(Crawled caption data)
Start of Block
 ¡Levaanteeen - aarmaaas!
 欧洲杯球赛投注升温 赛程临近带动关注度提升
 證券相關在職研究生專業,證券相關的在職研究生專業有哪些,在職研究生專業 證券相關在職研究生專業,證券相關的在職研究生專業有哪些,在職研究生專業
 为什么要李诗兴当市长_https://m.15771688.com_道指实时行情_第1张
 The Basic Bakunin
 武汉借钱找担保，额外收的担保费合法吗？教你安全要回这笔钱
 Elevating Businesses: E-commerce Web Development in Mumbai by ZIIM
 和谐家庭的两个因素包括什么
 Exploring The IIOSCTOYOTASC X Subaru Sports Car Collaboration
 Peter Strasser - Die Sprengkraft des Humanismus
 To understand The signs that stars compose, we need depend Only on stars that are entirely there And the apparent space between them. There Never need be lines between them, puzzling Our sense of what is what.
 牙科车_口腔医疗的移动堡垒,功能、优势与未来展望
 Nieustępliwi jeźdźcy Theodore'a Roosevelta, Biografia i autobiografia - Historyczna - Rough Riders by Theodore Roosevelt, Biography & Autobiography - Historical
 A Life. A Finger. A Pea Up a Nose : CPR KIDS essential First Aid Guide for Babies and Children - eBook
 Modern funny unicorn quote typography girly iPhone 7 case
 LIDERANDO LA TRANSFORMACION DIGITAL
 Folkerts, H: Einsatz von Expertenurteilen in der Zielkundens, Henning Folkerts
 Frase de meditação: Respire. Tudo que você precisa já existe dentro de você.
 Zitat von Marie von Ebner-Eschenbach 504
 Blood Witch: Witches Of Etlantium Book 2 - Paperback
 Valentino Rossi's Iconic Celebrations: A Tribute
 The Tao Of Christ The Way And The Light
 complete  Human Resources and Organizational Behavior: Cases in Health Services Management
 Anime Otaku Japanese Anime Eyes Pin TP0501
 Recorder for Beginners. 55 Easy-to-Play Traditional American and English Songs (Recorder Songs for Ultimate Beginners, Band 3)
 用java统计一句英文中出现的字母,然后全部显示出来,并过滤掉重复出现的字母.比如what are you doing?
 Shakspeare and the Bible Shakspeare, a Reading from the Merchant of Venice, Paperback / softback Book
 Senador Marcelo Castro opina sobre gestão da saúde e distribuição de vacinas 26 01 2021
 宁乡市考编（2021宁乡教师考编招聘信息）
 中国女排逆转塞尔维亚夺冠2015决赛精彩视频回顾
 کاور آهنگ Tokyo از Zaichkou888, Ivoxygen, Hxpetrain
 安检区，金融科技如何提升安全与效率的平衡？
End of Block
WORK ORDER: Nothing is to be left out, and every entry is to be transcribed exactly.

WRITTEN SOLUTION:
 ¡Levaanteeen - aarmaaas!
 欧洲杯球赛投注升温 赛程临近带动关注度提升
 證券相關在職研究生專業,證券相關的在職研究生專業有哪些,在職研究生專業 證券相關在職研究生專業,證券相關的在職研究生專業有哪些,在職研究生專業
 为什么要李诗兴当市长_https://m.15771688.com_道指实时行情_第1张
 The Basic Bakunin
 武汉借钱找担保，额外收的担保费合法吗？教你安全要回这笔钱
 Elevating Businesses: E-commerce Web Development in Mumbai by ZIIM
 和谐家庭的两个因素包括什么
 Exploring The IIOSCTOYOTASC X Subaru Sports Car Collaboration
 Peter Strasser - Die Sprengkraft des Humanismus
 To understand The signs that stars compose, we need depend Only on stars that are entirely there And the apparent space between them. There Never need be lines between them, puzzling Our sense of what is what.
 牙科车_口腔医疗的移动堡垒,功能、优势与未来展望
 Nieustępliwi jeźdźcy Theodore'a Roosevelta, Biografia i autobiografia - Historyczna - Rough Riders by Theodore Roosevelt, Biography & Autobiography - Historical
 A Life. A Finger. A Pea Up a Nose : CPR KIDS essential First Aid Guide for Babies and Children - eBook
 Modern funny unicorn quote typography girly iPhone 7 case
 LIDERANDO LA TRANSFORMACION DIGITAL
 Folkerts, H: Einsatz von Expertenurteilen in der Zielkundens, Henning Folkerts
 Frase de meditação: Respire. Tudo que você precisa já existe dentro de você.
 Zitat von Marie von Ebner-Eschenbach 504
 Blood Witch: Witches Of Etlantium Book 2 - Paperback
 Valentino Rossi's Iconic Celebrations: A Tribute
 The Tao Of Christ The Way And The Light
 complete  Human Resources and Organizational Behavior: Cases in Health Services Management
 Anime Otaku Japanese Anime Eyes Pin TP0501
 Recorder for Beginners. 55 Easy-to-Play Traditional American and English Songs (Recorder Songs for Ultimate Beginners, Band 3)
 用java统计一句英文中出现的字母,然后全部显示出来,并过滤掉重复出现的字母.比如what are you doing?
 Shakspeare and the Bible Shakspeare, a Reading from the Merchant of Venice, Paperback / softback Book
 Senador Marcelo Castro opina sobre gestão da saúde e distribuição de vacinas 26 01 2021
 宁乡市考编（2021宁乡教师考编招聘信息）
 中国女排逆转塞尔维亚夺冠2015决赛精彩视频回顾
 کاور آهنگ Tokyo از Zaichkou888, Ivoxygen, Hxpetrain
 安检区，金融科技如何提升安全与效率的平衡？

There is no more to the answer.